Just like the real thing, this Glass Onion has layers.
Glass Onion: A Knives Out Mystery begins as a group of friends receive an elaborate puzzle box. A gift from their wealthy friend, the box is an invitation to a weekend of fun in his private Greek island and they all accept with glee. Excited to enjoy their sun-soaked, luxurious getaway, the group is surprised to find out that Detective Benoit Blanc has also been invited to the party, with a note suggesting that there is a murderous edge to the holiday.
Bigger and flashier than the original, Glass Onion: A Knives Out Mystery is yet another twisty tale brought to life by writer/director Rian Johnson that is sure to delight audiences. Throughout his career, Johnson has proven himself to a filmmaker who likes to play with the toys that he has been given. Whether it’s the mind-and-time-bending Looper, the divisive Star Wars: The Last Jedi or this film’s predecessor, Knives Out, Johnson thoroughly enjoys taking conventional storytelling and flipping it it’s on its ear. With Glass Onion, Johnson once again takes the tropes of mystery storytelling and gives himself the freedom to move around the pieces that he’s placed on the board in unexpected ways.
Featuring an entirely new cast of characters, Glass Onion stars Edward Norton, Leslie Odom Jr., Dave Bautista, Janelle Monae, Kate Hudson, Kathryn Hahn, Cadelyn Cline and Jessica Henwick. (And that’s not even to mention the numerous cameos throughout the film.) Even so, the through line to this franchise remains Daniel Craig‘s performance as Benoit Blanc. After the success of his daring detective in the previous film, one cannot help but fall in love with his Southern drawl and brilliant mind. In Onion, Craig once again positively owns the role and plays it with such glee that one hopes that he continues in the role for years to come. (Unlike his time as Bond, Craig has indicated his interest in continuing as the sleuth ‘until the day [he] dies’.) In Blanc, Johnson has truly created a unique opportunity here. Because each mystery is an original creation that is entirely separate from the next, Blanc can feature in innumerable sequels with new challenges every time. As long as Johnson‘s writing continues to stay strong, there’s no doubt that Blanc has the potential to become as iconic a sleuth as Poirot or Holmes.

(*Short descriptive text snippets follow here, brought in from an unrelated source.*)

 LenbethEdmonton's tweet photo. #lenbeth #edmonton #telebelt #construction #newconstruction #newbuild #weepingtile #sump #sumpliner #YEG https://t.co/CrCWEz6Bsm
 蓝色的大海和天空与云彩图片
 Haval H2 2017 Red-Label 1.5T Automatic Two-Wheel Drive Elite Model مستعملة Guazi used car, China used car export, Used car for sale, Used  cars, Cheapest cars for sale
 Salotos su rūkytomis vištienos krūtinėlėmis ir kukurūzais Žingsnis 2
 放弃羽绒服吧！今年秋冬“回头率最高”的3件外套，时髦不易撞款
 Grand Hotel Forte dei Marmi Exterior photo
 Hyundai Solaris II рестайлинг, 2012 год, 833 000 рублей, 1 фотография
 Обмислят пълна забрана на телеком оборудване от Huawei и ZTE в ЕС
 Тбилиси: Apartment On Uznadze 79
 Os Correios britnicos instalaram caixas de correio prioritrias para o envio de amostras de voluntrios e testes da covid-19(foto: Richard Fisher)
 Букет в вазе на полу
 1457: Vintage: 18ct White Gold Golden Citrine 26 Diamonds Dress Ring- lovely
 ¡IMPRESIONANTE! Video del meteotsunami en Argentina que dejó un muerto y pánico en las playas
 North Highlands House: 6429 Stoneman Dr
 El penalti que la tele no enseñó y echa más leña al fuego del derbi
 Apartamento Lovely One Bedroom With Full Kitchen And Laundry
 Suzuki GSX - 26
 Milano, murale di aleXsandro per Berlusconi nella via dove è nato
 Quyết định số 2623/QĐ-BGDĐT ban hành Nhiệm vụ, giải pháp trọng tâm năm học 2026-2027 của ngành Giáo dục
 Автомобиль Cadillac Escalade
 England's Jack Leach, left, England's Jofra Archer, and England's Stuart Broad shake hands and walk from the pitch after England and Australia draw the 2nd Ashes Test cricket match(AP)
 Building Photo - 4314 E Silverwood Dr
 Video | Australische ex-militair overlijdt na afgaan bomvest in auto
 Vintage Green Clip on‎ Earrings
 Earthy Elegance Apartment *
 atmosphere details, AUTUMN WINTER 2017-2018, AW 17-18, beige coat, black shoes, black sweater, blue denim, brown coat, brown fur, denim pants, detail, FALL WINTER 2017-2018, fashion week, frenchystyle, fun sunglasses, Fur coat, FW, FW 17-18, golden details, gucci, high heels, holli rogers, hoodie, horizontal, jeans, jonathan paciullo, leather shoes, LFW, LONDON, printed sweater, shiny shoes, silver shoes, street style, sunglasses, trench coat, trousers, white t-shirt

And Johnson still has some tricks up his sleeve.
Without question, this film feels larger in scope than its predecessor. Interestingly, Onion feels like it has more at stake than Knives Out’s basic premise of ‘the last will and testament of an ageing recluse’. To suggest any major plot points in the film would be a disservice to the fun so you’ll find no spoilers here. However, whereas the first film built primarily with themes of legacy and ‘old money’, Onion focusses more on new money in the New World. Social Influencers are as highly regarded as politicians and everyone has their hand out. Admittedly, there is less social commentary in Onion than the original but one cannot deny its shot at the power of the social media industry.
And, as with all murder mysteries, the battle for power is very much in play.
What’s more, this is a film about knowing what matters. Whereas some desire fame and fortune, others see the potential fallout that taking steps in this direction may cause. In this world, the consequences of one’s actions extend beyond the financial bottom line and lean the question of the nature of justice. (But, again, I promised no spoilers.)
All you ultimately need to know is that, Glass Onion is a delight from start to finish. Fast-paced and very, very funny with its murderous mayhem, Johnson once again peels away the layers of that this Onion conceals until the truth is eventually revealed.
And, as long as Benoit Blanc is leading the investigation, long may these Knives remain Out.
Glass Onion plays for one week exclusively at TIFF Bell Lightbox beginning November 23rd and arrives on Netflix on December 24th, 2022.